→ **What to do**: Records follow. Print exactly the lines from the one that has "Yellow Colour Mal" through the one that has "a person shopping", inclusive, and omit the pictures.

→ **Data supplied**:

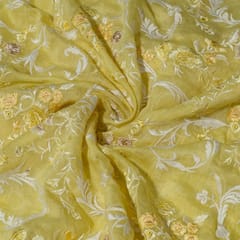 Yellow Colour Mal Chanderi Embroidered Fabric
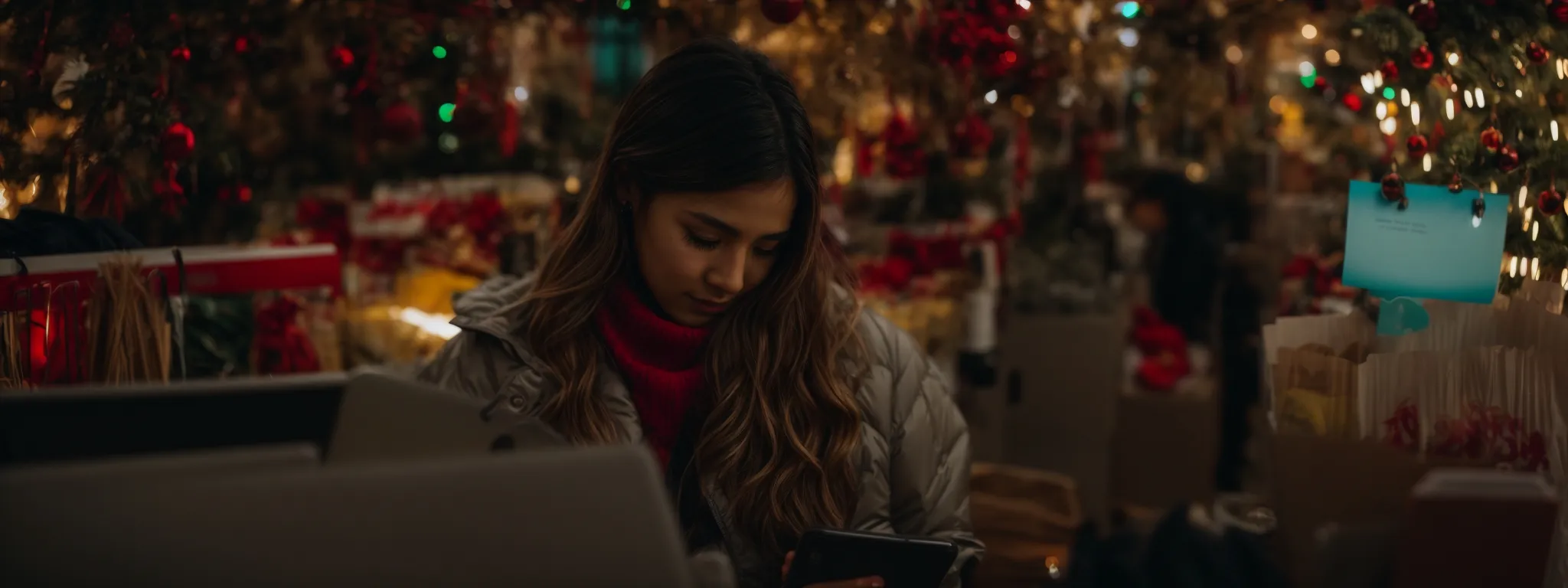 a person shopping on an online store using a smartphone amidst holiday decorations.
* * *
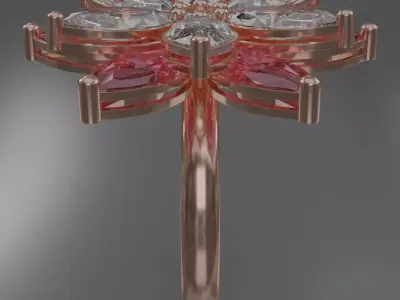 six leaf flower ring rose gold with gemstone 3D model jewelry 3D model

→ **The completed task**:
 Yellow Colour Mal Chanderi Embroidered Fabric
 a person shopping on an online store using a smartphone amidst holiday decorations.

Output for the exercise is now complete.